I am looking for help in running hop pipelines on Spark cluster, running on kubernetes.
- I have spark master deployed with 3 worker nodes on kubernetes
- I am using hop-run.sh command to run pipeline on spark running on kubernetes.
Facing Below exception -java.lang.NoClassDefFoundError: Could not initialize class com.amazonaws.services.s3.AmazonS3ClientBuilder
Looks like fat.jar is not getting associated with the spark when running hop-run.sh command.
I tried running same with spark-submit command too but not sure how to pass references of pipelines and workflows to Spark running on kubernetes, though I am able to add fat jar to the classpath (can be seen in logs)

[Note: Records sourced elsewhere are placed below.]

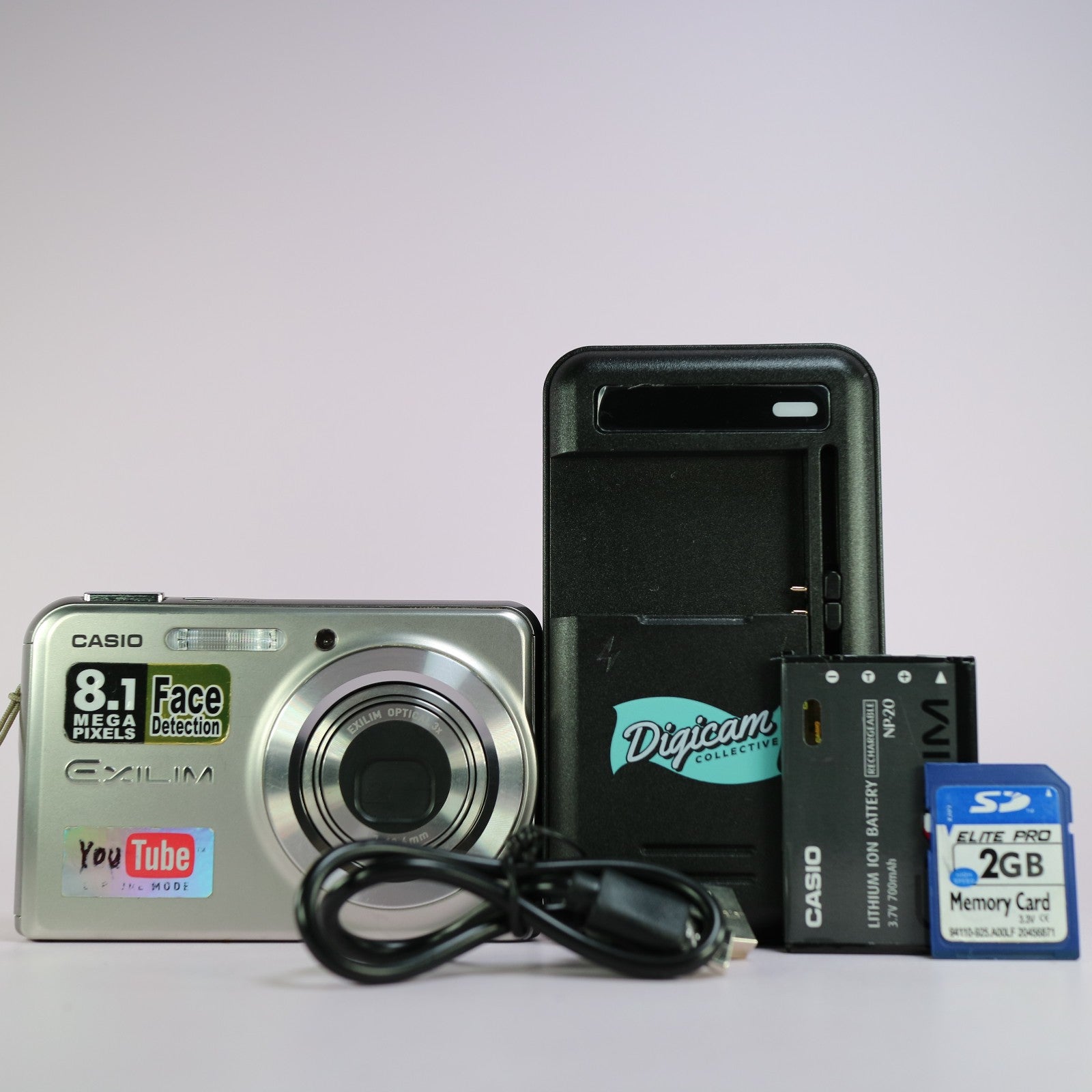 Casio Digital Camera Exilim EX-S880 8.1MP Silver Tested Full Working Set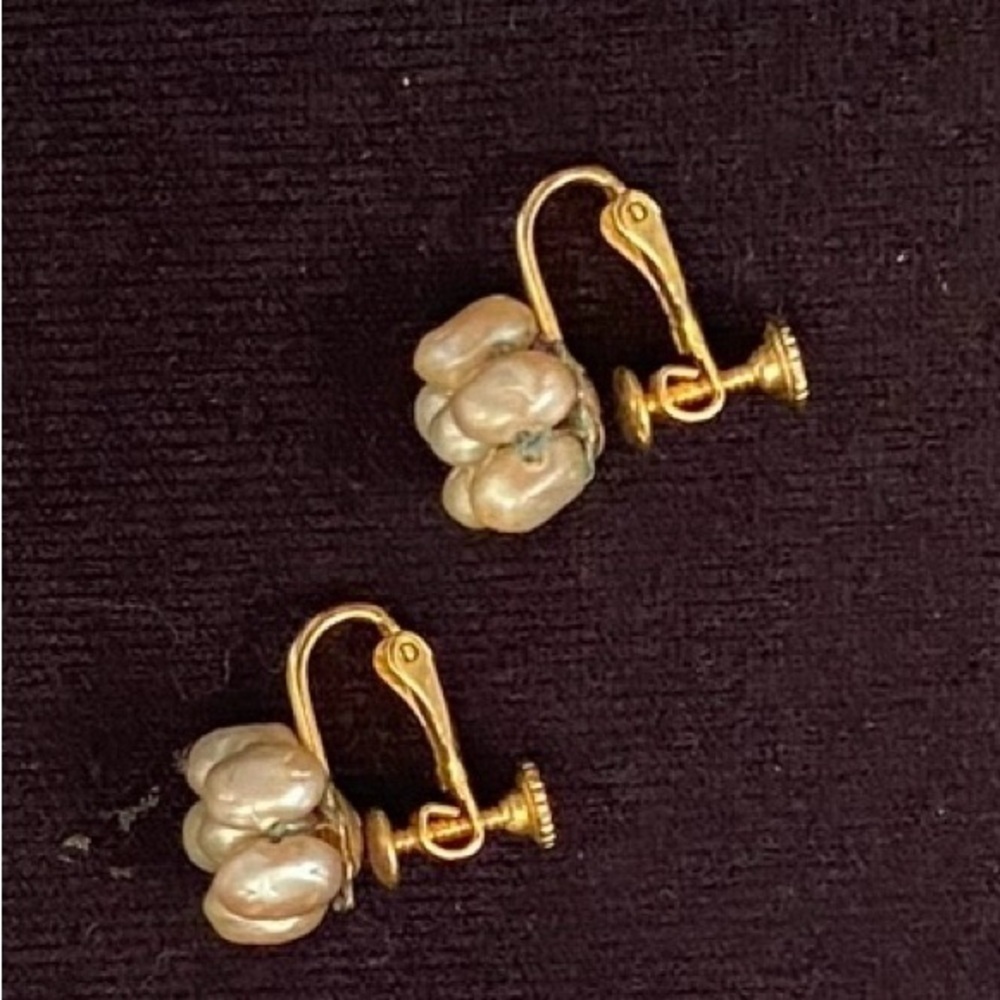 Vintage 80’s Les Bernard marked 5 cultured pearl floral design clip on earrings
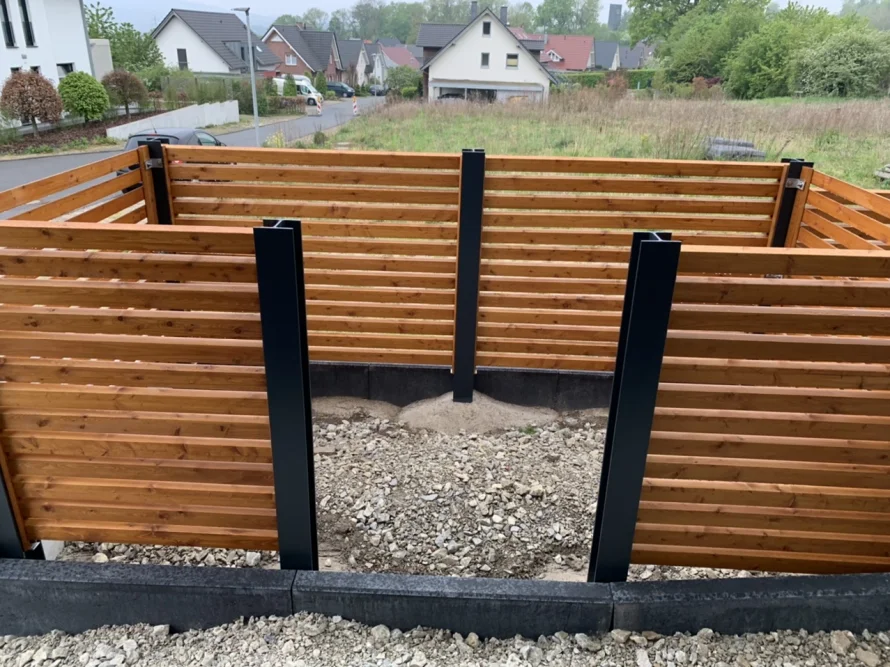 Holzrahmen eines Gartenhauses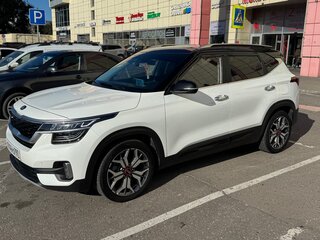 2021 Kia Seltos I, белый, 2250000 рублей, вид 2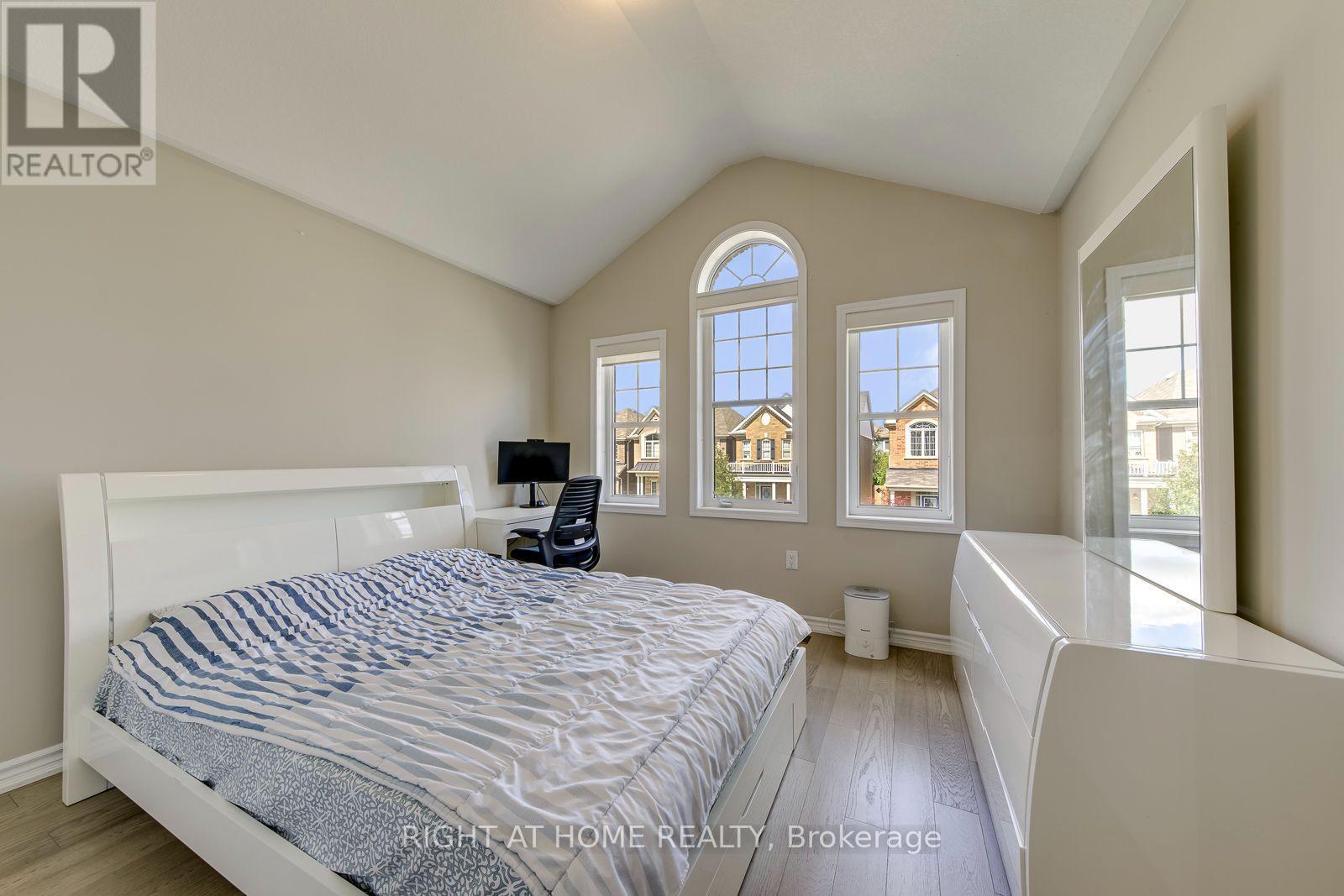 40 Stillwater Crescent, Hamilton, ON - Indoor Photo Showing Bedroom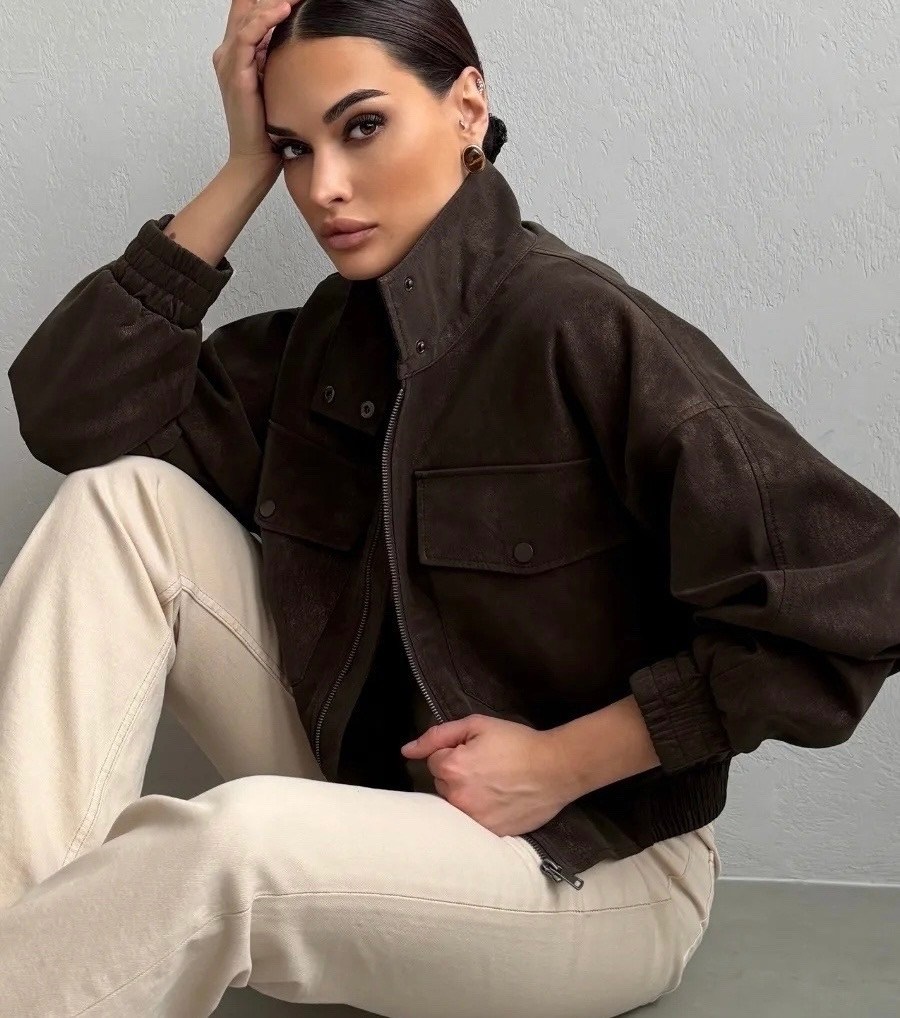 женская куртка бомбер из эко замши коричневого цвета,куртка бомбер,куртка бомбер замшевая оверсайз lofus,куртка замшевая,бомбер женская куртка
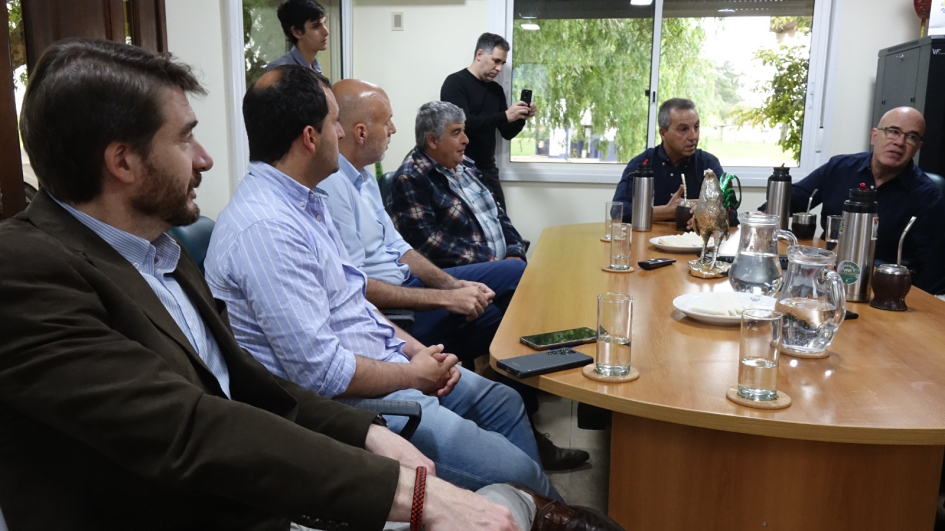 Reunión de autoridades en Avícola el Poyote Personas sentadas alrededor de una mesa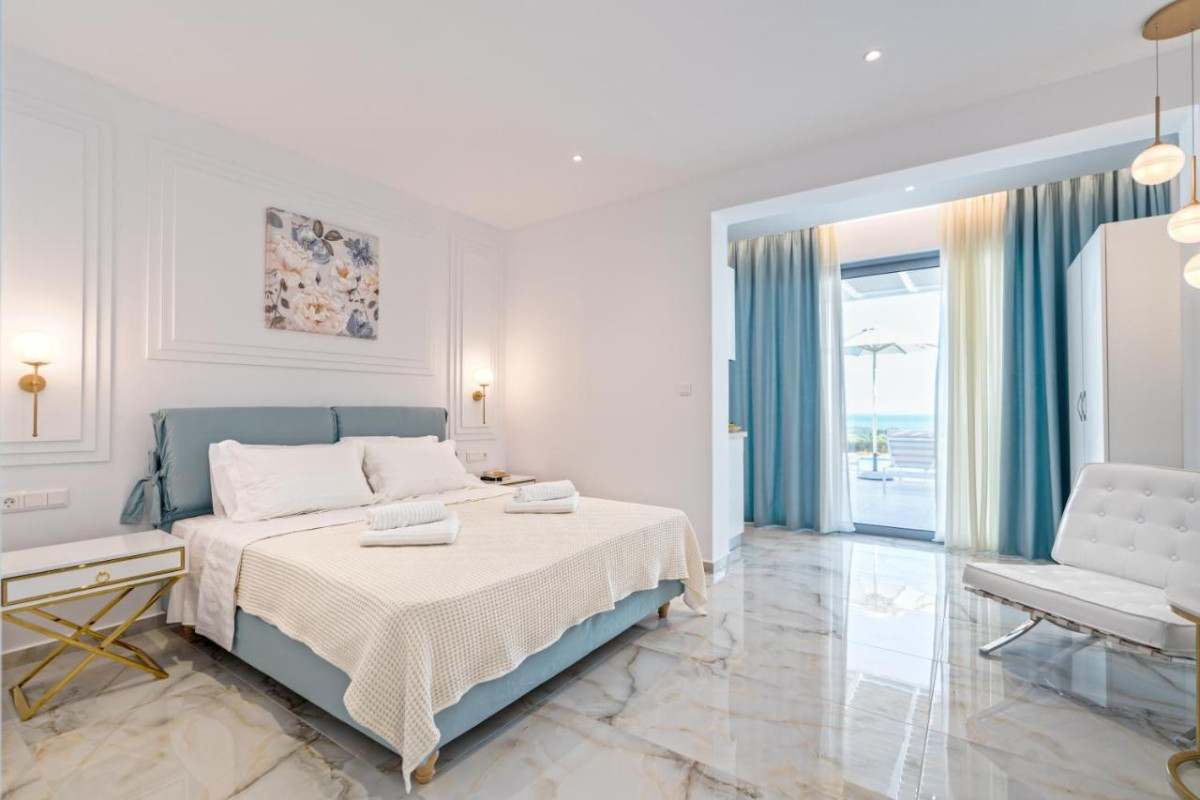 Dionysos Suites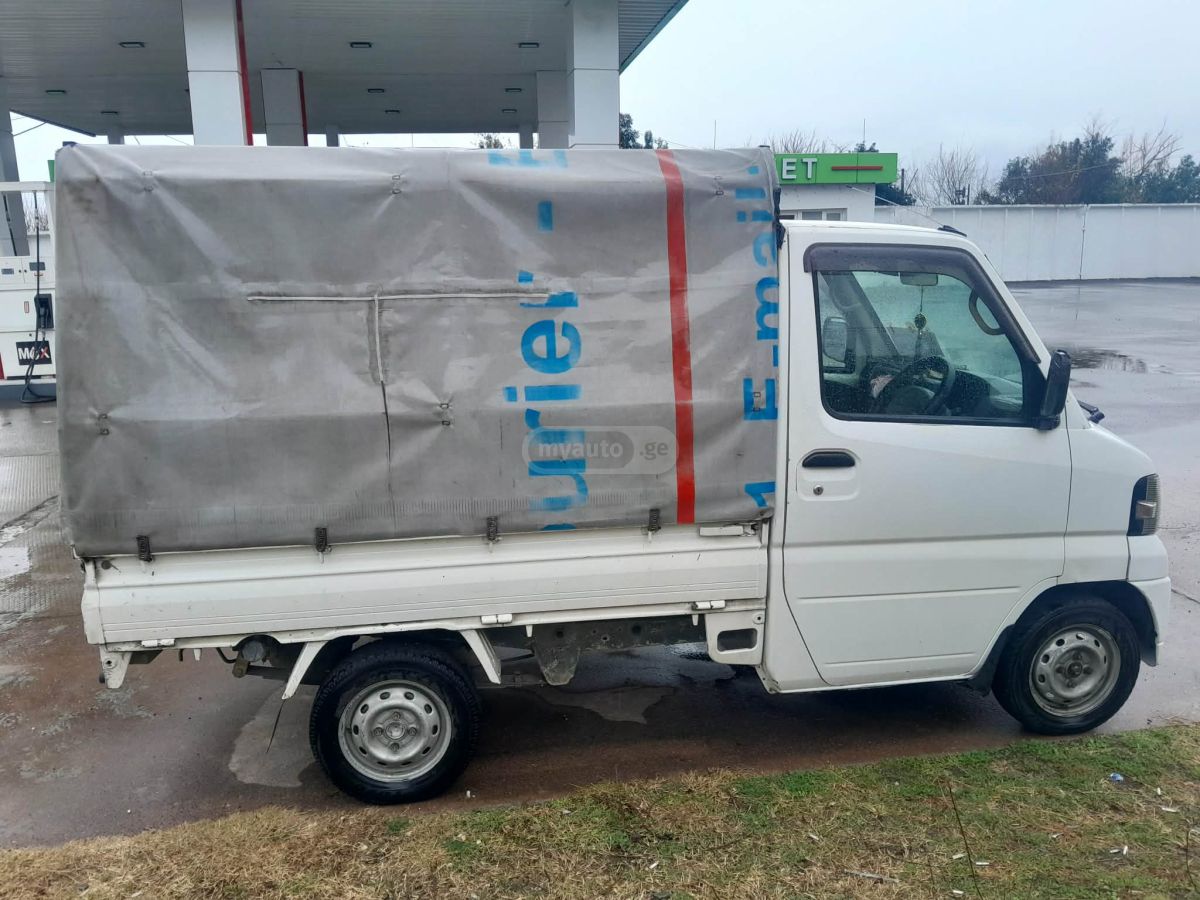 Nissan Clipper Truck 2006 — photo 2
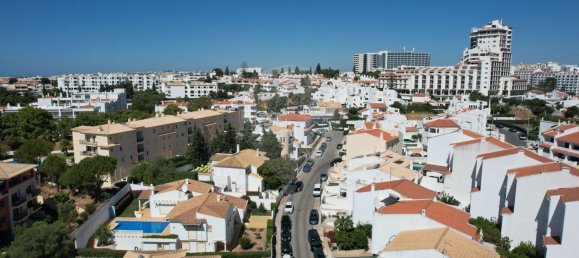 2 Schlafzimmer Haus in Albufeira, Portugal, Nr. 24546 16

Any kind of help is appreciated. Thanks like
Could it be that you are using version 1.0? We had a missing jar for S3 VFS which has been resolved in 1.1 https://issues.apache.org/jira/browse/HOP-3327
For more information on how to use spark-submit you can take a look at the following documentation: https://hop.apache.org/manual/latest/pipeline/pipeline-run-configurations/beam-spark-pipeline-engine.html#_running_with_spark_submit
The location to the fat-jar the pipeline and the required metadata-export can all be VFS locations so no need to place those on the cluster itself.